- Born: Brooklyn, New York City
- Education: Bachelor of Arts; Master of Business Administration
- Alma mater: Wellesley College; Harvard Business School
- Occupation: Business executive
- Employer: Colgate-Palmolive
- Known for: Senior executive roles at Colgate-Palmolive
- Title: Former Vice Chairman
- Awards: Financial Women's Association Woman of the Year (1995)

= Lois Juliber =

American businesswoman (born 1949)

Lois D. Juliber (born 1949) is an American businesswoman.

==Early life and education==
Lois Juliber was born in Brooklyn, New York City in 1949. She grew up on Long Island. She graduated from Wellesley College in 1971 and received an MBA from Harvard Business School in 1973.

==Career==
Juliber worked for General Foods for fifteen years, and ended her career at the company as vice president. She joined Colgate-Palmolive in 1988 as a VP, and was appointed chief technology officer in 1992. She was promoted to executive vice president for Developed Markets in 1997, then chief operating officer in 2000, and finally vice chairman in 2004.

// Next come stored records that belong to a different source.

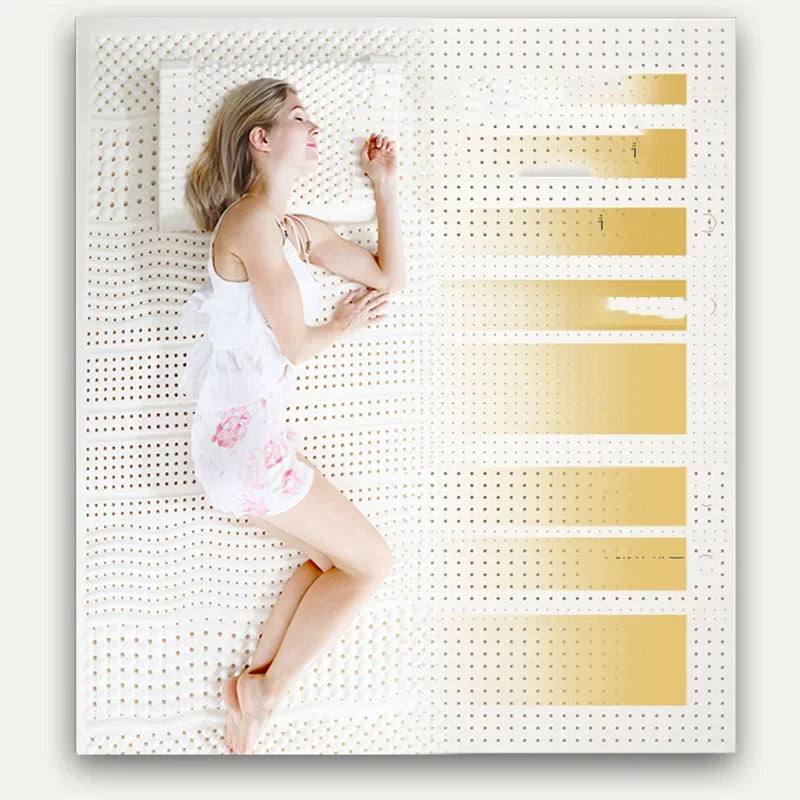 Tatami White Mattress Soft Mite Removal Latex Bedroom Indoor Mattresses Core Sleep Korean Colchones De Cama Bedroom Furniture
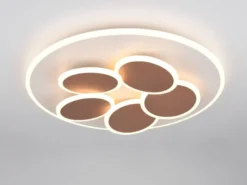LED Deckenleuchte Grau Coffee dimmbar mit Fernbedienung & Tageslicht Ø 49cm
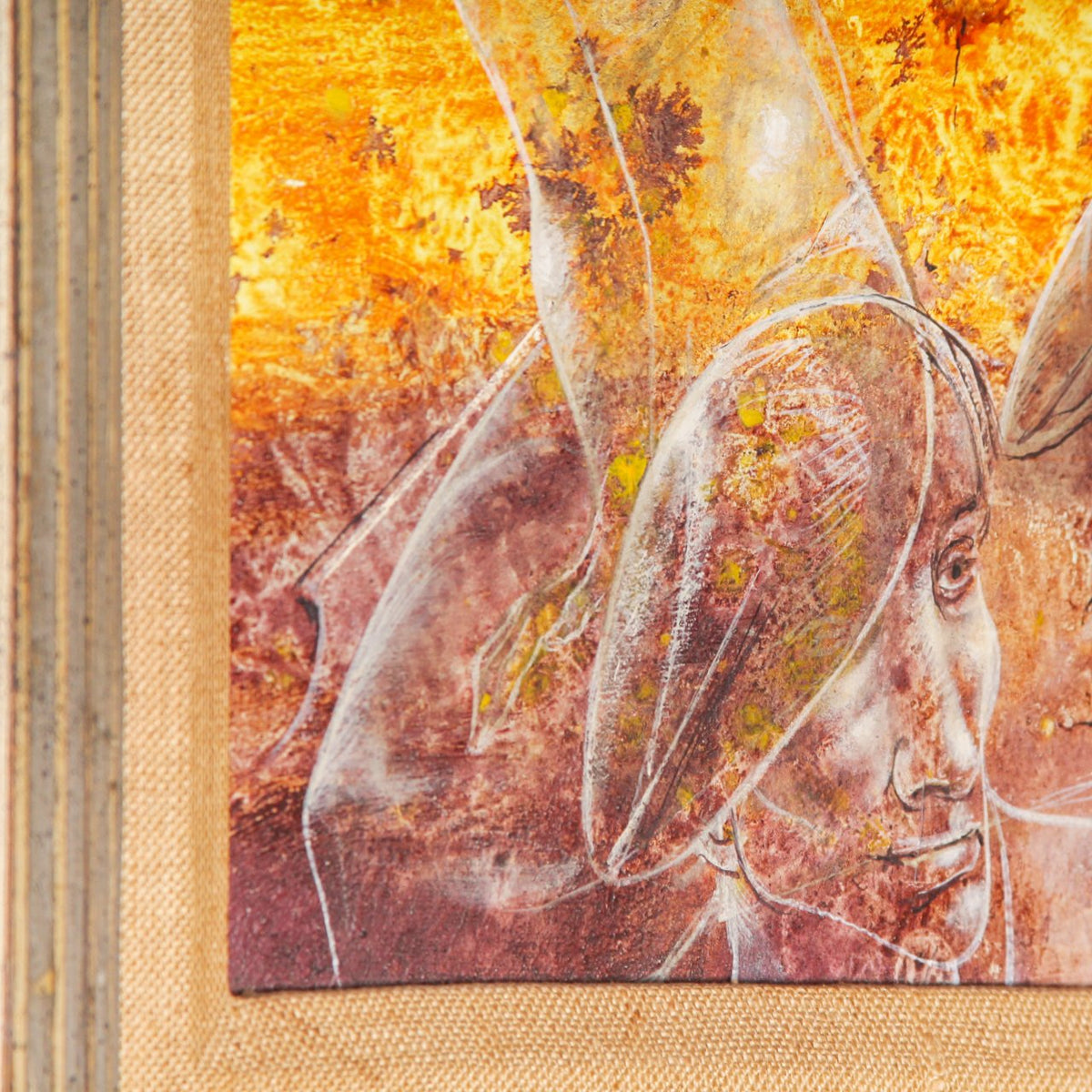 Michael Lenson Oil on Masonite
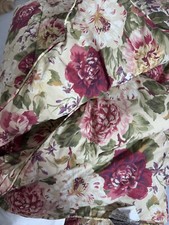 VTG Ralph Lauren Post Road Constance Floral Rose Set F/Q Comforter Q Bedskirt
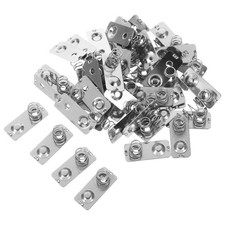 50 PCS Replacement Spring Plate Metal Battery Silver Terminal Contact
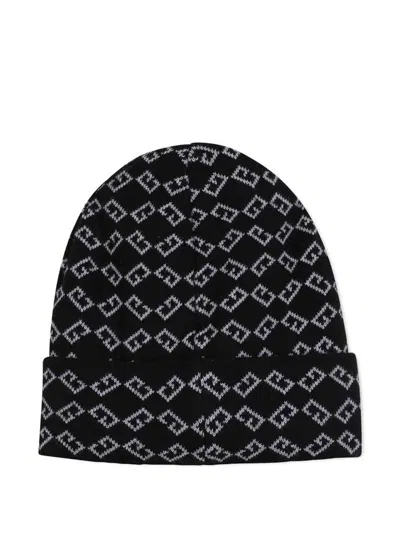 Givenchy Logo-embroidered Beanie Hat In Black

She sits on the boards of directors of Goldman Sachs and Kraft Foods. She has sat on the board of DuPont.

==Philanthropy==
She serves as Chairman of the Mastercard Foundation. She is also a member of the boards of trustees of Wellesley College, Girls, Inc. and Women's World Banking. She is also a member of the President's Council at Olin College. She received the Financial Women's Association Woman of the Year Award in 1995, the Starlight Association Award for Corporate Leadership, and the American Advertising Foundation Award for Diversity Leadership.